The Gate is a great facility with a good mix of talent from begining hobbiist to National caliber talent.
They generally run
1/12 stock good class but defininetly detail and set-up oriented and while the driving ability learned in this class will suit you well in all future classes it can sometimes be a little intimidating for new drivers.

Stock Sedan Rubber - Not a bad class, initial cost is high due largely to the price of an appropriate touring chassis, and rubber tire set-up can be tricky but atleast tire diamater and truing are not an issue, 17.5 motor and 2 cell Lipo with a modest speed control and you'll have all the speed you can handle through the learning curve

Super stock World GT is a good class, fast motor with modest 1cell lipo and large surface area rear tires makes a class tha can be quick and easy to get around the track, further work in driving and set-up and this car can be driving 'on a rail' and be a lot of fun, modest chassis price, fixed spec long wear tires and this is an economical class GOOD CHOICE

VTA - similar to the Sedan, slower motor and Speedo specs, and fixed spec tire, chassis can be a 4 or 5 year old design and still run very well, lots of used stuff to get this class started and it is loads of fun to drive and 'trade paint'  GOOD CHOICE.

Super Stock Sedan, Pro Sedan, Mod 1/12, etc are likely to end up with a tough learning curve and lots of broken parts. Unless you already have expireince in RC these classes should not be the entry point. Generally these are classes for the extrememly fast stock guys who are prohibited from running stock anymore or the lifetime RC'er who just loves the full throttle and hang on feel :thumbsup:

What ever you decide check out the Gates website and stop by the pits on race day and talk with the drivers, the all will be more than willing to give their own spin on the various classes.....good luck


----------



## nico83 (Apr 16, 2010)

i just picked up an rc10l what class would i be able to run this in? i do plan to run at the gate this winter but it would be my first time running on road carpet. all ive raced is outdoor at medina


----------



## Miller Time (Sep 24, 2006)

The ONLY class MIGHT be World GT. The original 10L is technically too wide for this class but they may allow you to run it for awhile, or you may have/could still get conversion to 10LSS which was narrower but the SS was oval so you may have to get creative.


----------



## CarbonJoe (Jun 29, 2006)

nico - 

Yes, World GT would be the class for a RC10L. Bring it out and join in the fun. We run the "spec" lilac tires from either Jaco, CRC, or BSR. Relatively long lasting, and one less thing to worry about. We run 1s LiPo, 13.5 brushless, and open ESC (we allow timing advance, boost, turbo, etc).

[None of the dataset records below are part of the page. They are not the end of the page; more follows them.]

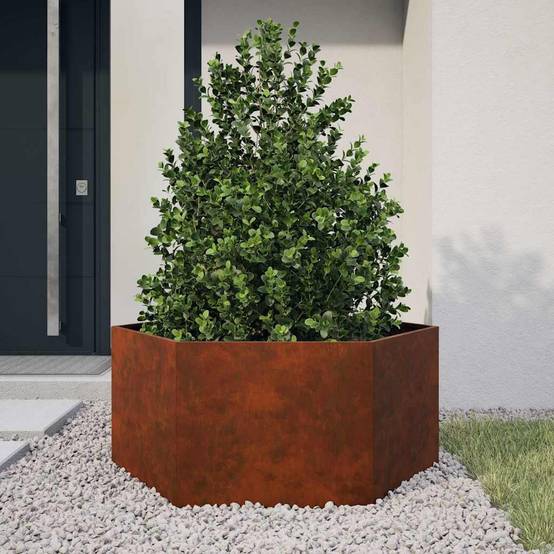 Jardinière | Pot de fleurs | Cache-pot | Bac à fleurs Rouillé 90x90x45 cm Acier corten - Image 2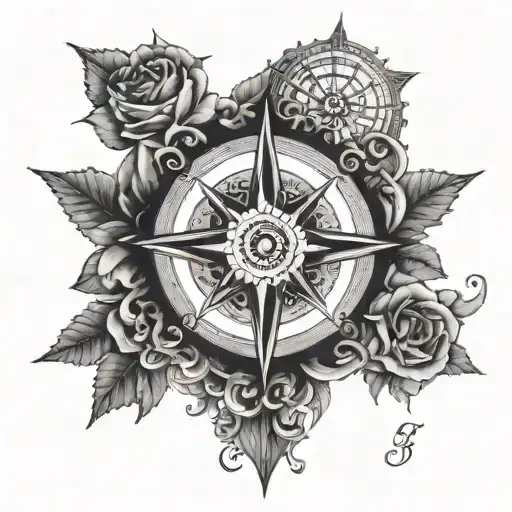A trio of compass roses, each pointing in a different direction, representing the unique paths of the triplets, with blackwork style and ornate details tattoo design idea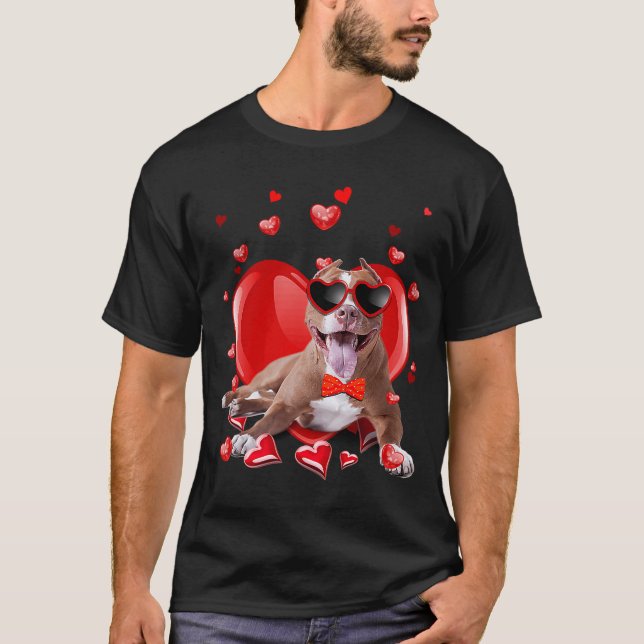Camiseta Feliz Día de San Valentín Bulldog de foso V Día (Anverso)
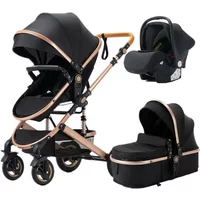 Tragbarer Kinderwagen High View 3-in-1-Kinderwagen mit Autositz, faltbarer Kinderwagen, stoßdämpfender Allradwagen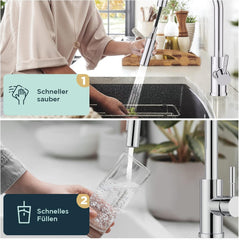 FORIOUS kuhinjska armatura z visokim lokom in izvlečno prho – polirani krom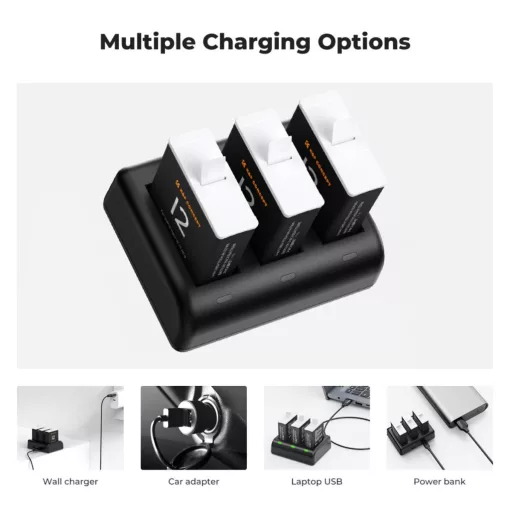 K&F Concept hordozható tripla USB-C akkumulátor töltő +3db GoPro Hero 12/11/10/9 akkumulátor 1730mAh (KF-28-0032V1)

To be honest, the Gate forum at RCTech gets way more traffic than the Gate thread here on HobbyTalk. It seems that on-roaders hang out at RCTech, and off-roaders hang out here.

http://www.clevelandcarpetracing.com/
http://www.rctech.net/forum/norcar-cleveland-style-gate-72/


----------



## CarbonJoe (Jun 29, 2006)

cullen1607 said:


> Im just getting started in racing and Im looking to race on-road at the gate which is a carpet track and i was wondering if people knew what the class rules are for these classes:
> 
> Stock Sedan
> Vintage Trans Am
> ...


To add to what Mr. Miller indicated above, Stock Sedan Rubber and VTA run the "ROAR Sportsman Spec" firmware/ESC as indicated here:http://www.roarracing.com/downloads/ROAR_Sportsman_Control_ESC_List.pdf

All other classes are "open" ESC.

All of the "Stock" classes run 17.5 brushless motors. VTA runs the Novak 25.5 brushless motor. WGT runs 13.5 motors with 1s LiPo. 1/12 scale runs
1s LiPo. Pro classes generally run 10.5 brushless, but sometimes they run "Open" (or Modified). Stock Sedan runs foam tires. All Sedans & VTA run 2s LiPo.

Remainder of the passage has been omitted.